Op een van die banden stond een lied dat ik op een herfstavond voor de eerste keer hoorde. Buiten was het donker, binnen schemerde kaarslicht, en in die sfeer klonk ineens dit fantastische nummer. Sometimes it snows in April. Wie is dit? vroeg ik. Prince, antwoordde mijn vriend. Ik kende Prince alleen van de kaskraker die de hele wereld kende. Kiss. Dat vond ik geen leuke muziek. Prince had al voor mij afgedaan nog voor ik goed en wel wist wie hij was en wat hij buiten Kiss nog meer had gefabriceerd.
Ik moest mijn mening bijstellen.
Fan was ik daarmee nog niet. Dat kwam later. Ik was een jaar of vijfentwintig, en studeerde opnieuw in Utrecht. Een goede vriend bleek een grote Prince-fan te zijn. Dat Prince iets bijzonders was wist ik, alleen had ik nog nooit goed geluisterd naar zijn muziek. Ik besloot dat ik mezelf de kans moest geven om ook fan te worden, maar dan diende ik wel eerst grondig op de hoogte te raken van waar ik dan precies fan van zou zijn, dat leek me wel handig. Dus ik leende van hem zijn bandjes met Prince-albums, en begon te luisteren. Mijn voorliefde voor gemakkelijk in het gehoor liggende popsongs werd op de proef gesteld, maar ik zette door, hield vol. Het was de meester zelf die me toezong, die mijn aandacht beloonde met inzicht in wat muziek kon betekenen voor mij. Hoe het mij kon verrijken, hoe het voor verdieping kon zorgen, hoe het kon uitstijgen boven amusement, zonder daarmee aan schoonheid in te boeten, integendeel. Hoe muziek kunst kon zijn eigenlijk. Ik was verkocht. Voorgoed.

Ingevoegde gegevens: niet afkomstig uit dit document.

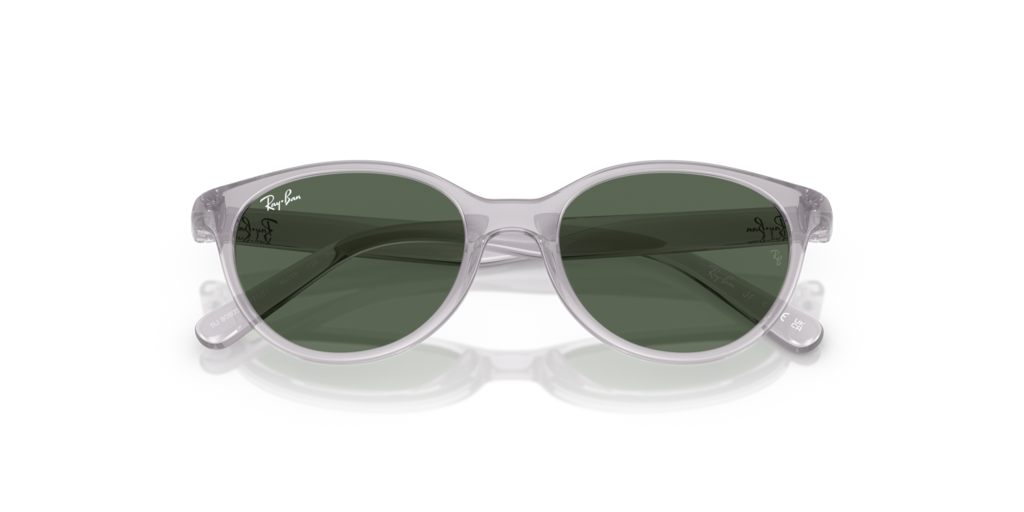 Ray-Ban Junior RJ9080S 717171 - 45 - Çocuk Güneş Gözlükleri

In de jaren die volgden voelde ik me met vriendinnen en vrienden één grote super-fan. We vormden samen een consistente brok bewondering. Thuis werd ik dan telkens weer het individu dat precies wist welk lied me om welke redenen extra raakte. Over één buitengewoon intrigerend nummer van Prince schreef ik zelfs een essay-achtig stuk voor de scriptie die ik voor mijn studie moest schrijven. Ik probeerde iets van de magie van het lied in woorden te vangen, zonder diezelfde magie kapot te schrijven. Dat lukte. Juist door erover te schrijven verdiepte zich mijn fascinatie. Ik stuitte op betekenislagen die ik daarvoor niet eens had vermoed. Vérwondering en béwondering vielen samen.

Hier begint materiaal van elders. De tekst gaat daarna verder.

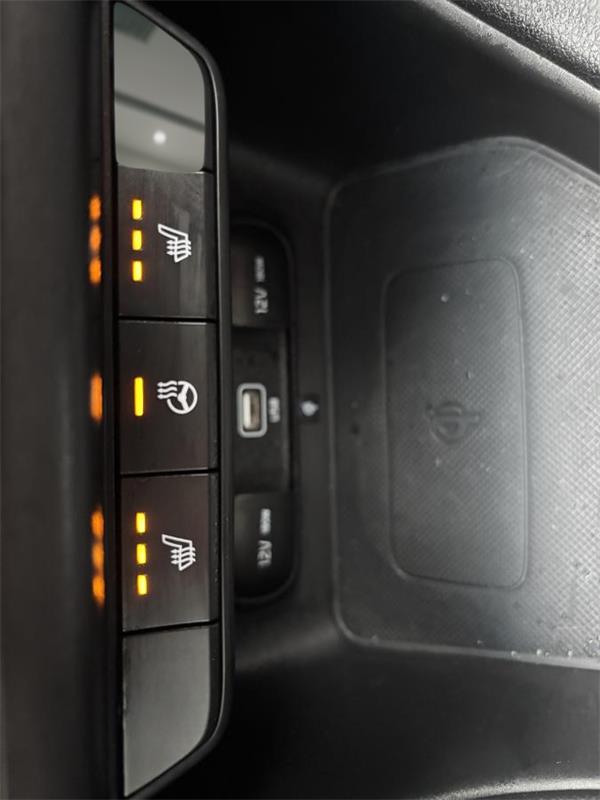 kia Sportage 2022 - 23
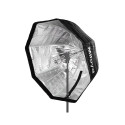 Lighting Equipment - MITOYA EASY Octagonal Softbox 80cm for Speedlite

Sometimes it snows in April. Altijd zal het voortaan sneeuwen in april, de maand dat Prince stierf. Hij laat een oorverdovende, witte stilte na.
8 reacties
Hij laat een plek achter die niet ingevuld kan worden en dat voelt verdrietig. Fijn dat je over hem hebt geschreven, Anne.

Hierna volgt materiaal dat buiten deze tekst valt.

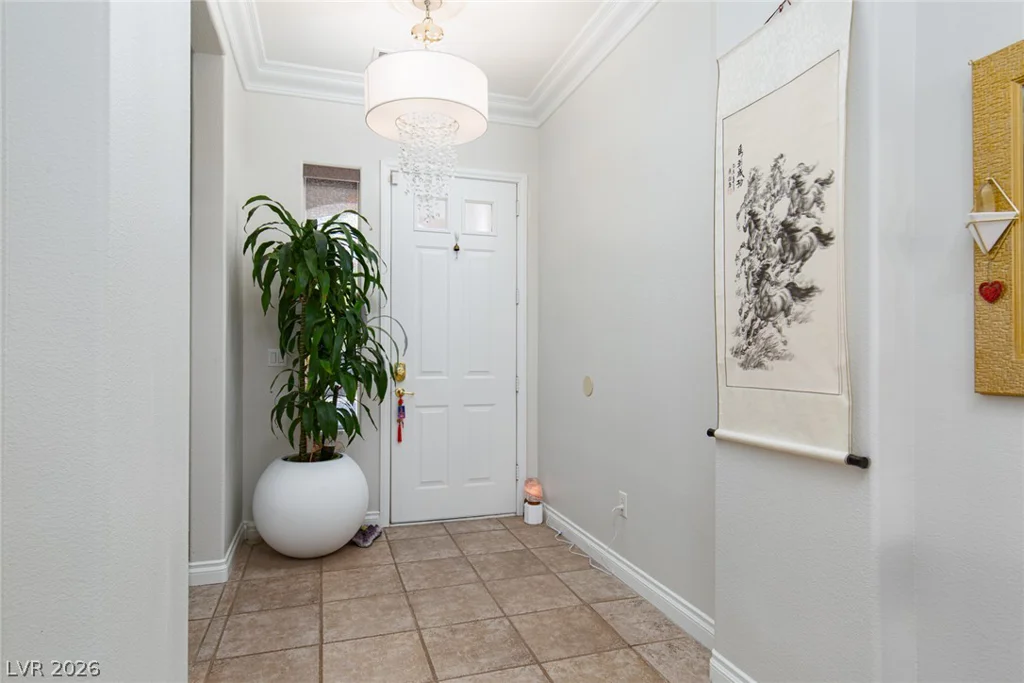 322 Turtle Peak, Las Vegas, NV 89148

Petra, ja, die teksten. Hij was tegelijkertijd heel poëtisch, en heel aards, het was een soort aardse poëzie dus. Rake zinnen, rake observaties in de teksten, altijd to the point, vol betekenis, nooit een woord te veel. En altijd razend mysterieus, zonder dat dit ook maar ergens koketterie was, koketterie met mistig zijn. Hij raakte simpelweg aan grote mysteries. En bleef tegelijkertijd zo ontzettend helder, verlicht. Ik heb een stuk gewijd aan "If I was your girlfriend", misschien dat ik dat hier nog zal plaatsen.
Jerrel, dank je wel. Ja, zijn geest. Wat een instrument had hij daar in handen. Inderdaad, die blijft te horen, en te genieten. Daar ben ik dankbaar voor.